I keep reading about Chinese labs “attacking” frontier labs and performing “model distillation.” Then very recently Musk admitted xAI used distillation on OpenAI model’s and admitted it was common practice.

How does one distill a model?

The idea is that you have

A teacher model: large, well-trained, expensive to run
A student model: smaller, faster, cheaper to deploy
A task: classification, regression, whatever the teacher excels at

Instead of training the cheaper model directly, make the student approximate the teacher’s output distribution as closely as possible, often on a subset of the training data.

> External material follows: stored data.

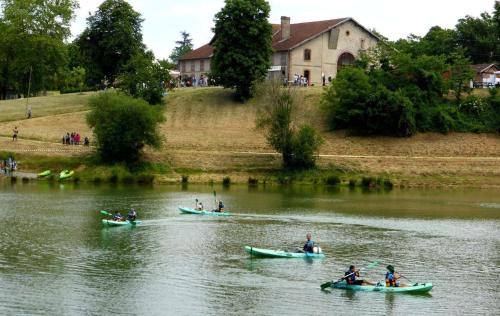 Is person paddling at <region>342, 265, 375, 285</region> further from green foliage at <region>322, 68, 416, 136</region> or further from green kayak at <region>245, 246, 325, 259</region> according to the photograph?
green foliage at <region>322, 68, 416, 136</region>

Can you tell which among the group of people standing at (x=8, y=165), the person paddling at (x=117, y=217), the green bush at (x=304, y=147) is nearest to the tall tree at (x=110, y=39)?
the group of people standing at (x=8, y=165)

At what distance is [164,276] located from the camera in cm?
4403

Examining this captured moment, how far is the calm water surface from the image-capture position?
3934cm

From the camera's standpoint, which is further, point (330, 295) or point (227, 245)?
point (227, 245)

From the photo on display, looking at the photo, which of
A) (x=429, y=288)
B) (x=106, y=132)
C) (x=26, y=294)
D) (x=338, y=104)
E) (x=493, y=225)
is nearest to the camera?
(x=26, y=294)

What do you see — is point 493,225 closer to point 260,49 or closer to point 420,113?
→ point 420,113

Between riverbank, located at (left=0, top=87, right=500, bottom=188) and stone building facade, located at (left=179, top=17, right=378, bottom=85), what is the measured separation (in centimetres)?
489

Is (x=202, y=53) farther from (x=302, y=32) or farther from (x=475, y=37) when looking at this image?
(x=475, y=37)

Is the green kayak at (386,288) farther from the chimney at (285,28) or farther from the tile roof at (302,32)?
the chimney at (285,28)

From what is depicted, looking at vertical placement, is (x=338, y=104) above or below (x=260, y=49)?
below

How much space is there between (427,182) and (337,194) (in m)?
15.3

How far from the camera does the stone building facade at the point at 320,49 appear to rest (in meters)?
124

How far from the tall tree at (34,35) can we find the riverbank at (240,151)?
9.38m

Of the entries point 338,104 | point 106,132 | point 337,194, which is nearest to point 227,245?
point 337,194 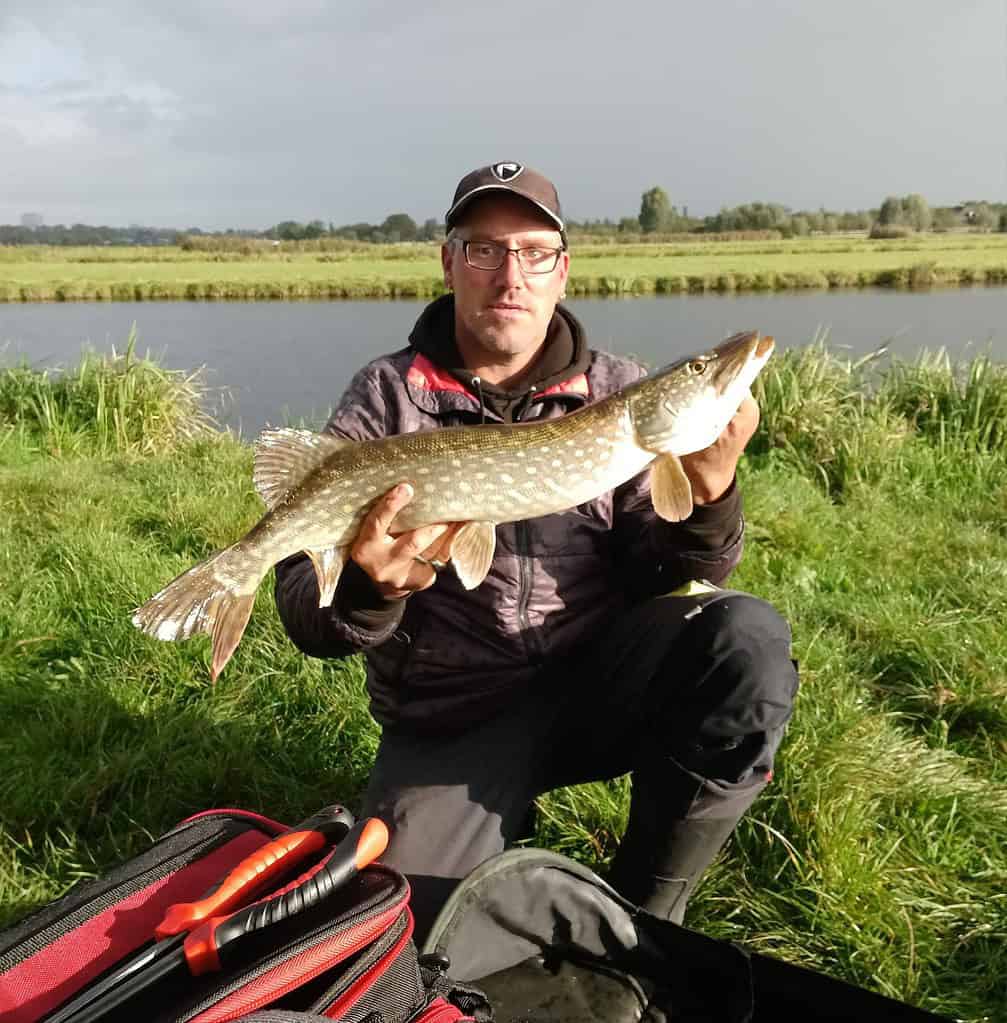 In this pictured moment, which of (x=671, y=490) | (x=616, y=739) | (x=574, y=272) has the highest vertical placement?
(x=574, y=272)

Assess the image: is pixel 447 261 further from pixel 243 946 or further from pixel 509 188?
pixel 243 946

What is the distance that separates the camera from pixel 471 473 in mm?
2191

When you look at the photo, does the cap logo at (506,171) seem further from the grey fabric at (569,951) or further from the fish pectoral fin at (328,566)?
the grey fabric at (569,951)

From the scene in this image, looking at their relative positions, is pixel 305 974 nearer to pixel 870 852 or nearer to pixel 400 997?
pixel 400 997

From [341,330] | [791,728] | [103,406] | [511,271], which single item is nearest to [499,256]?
[511,271]

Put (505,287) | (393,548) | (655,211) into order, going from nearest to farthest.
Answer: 1. (393,548)
2. (505,287)
3. (655,211)

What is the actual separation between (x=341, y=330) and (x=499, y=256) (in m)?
20.6

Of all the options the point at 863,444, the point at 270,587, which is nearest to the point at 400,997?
the point at 270,587

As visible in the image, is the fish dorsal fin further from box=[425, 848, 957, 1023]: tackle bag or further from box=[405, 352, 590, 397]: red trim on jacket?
box=[425, 848, 957, 1023]: tackle bag

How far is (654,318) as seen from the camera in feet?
73.1

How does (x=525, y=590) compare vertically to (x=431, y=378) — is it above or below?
below

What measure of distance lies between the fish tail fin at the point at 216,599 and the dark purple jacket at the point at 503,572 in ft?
0.69

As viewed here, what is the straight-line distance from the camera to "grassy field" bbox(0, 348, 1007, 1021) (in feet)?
7.37

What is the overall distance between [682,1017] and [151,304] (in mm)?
36406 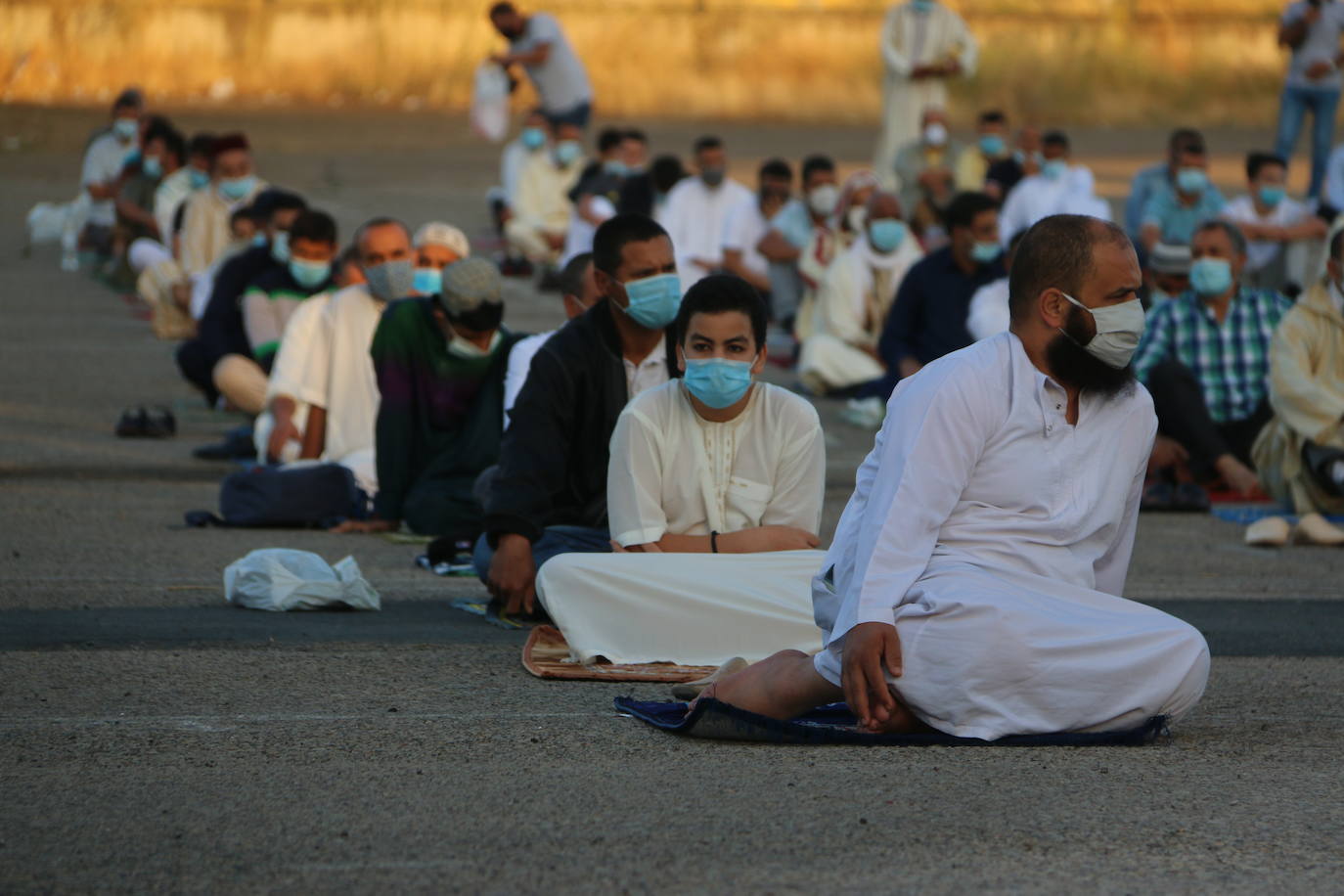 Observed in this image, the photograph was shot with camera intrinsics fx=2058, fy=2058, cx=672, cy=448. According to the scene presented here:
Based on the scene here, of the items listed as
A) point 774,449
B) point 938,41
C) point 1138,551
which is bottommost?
point 1138,551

There are different types of distillation:

Sequence-level
Token-level / logit KL
On-policy / GKD
Cross-tokenizer

Neural networks usually produce class probabilities by applying a “softmax” output layer that converts the logit, z_i, computed for each class into a probability, q_i, by comparing zi with the other logits. The T represents the temperature, and the higher the T the softer the distribution will be over classes (Hinton et al., 2015).

$q_{i} = \frac{e x p ( z _{i} / T )}{\sum _{j} e x p ( z _{j} / T )}$

The simplest way to distill knowledge in a model is by training the student model with the outputs of the teacher model with a higher T.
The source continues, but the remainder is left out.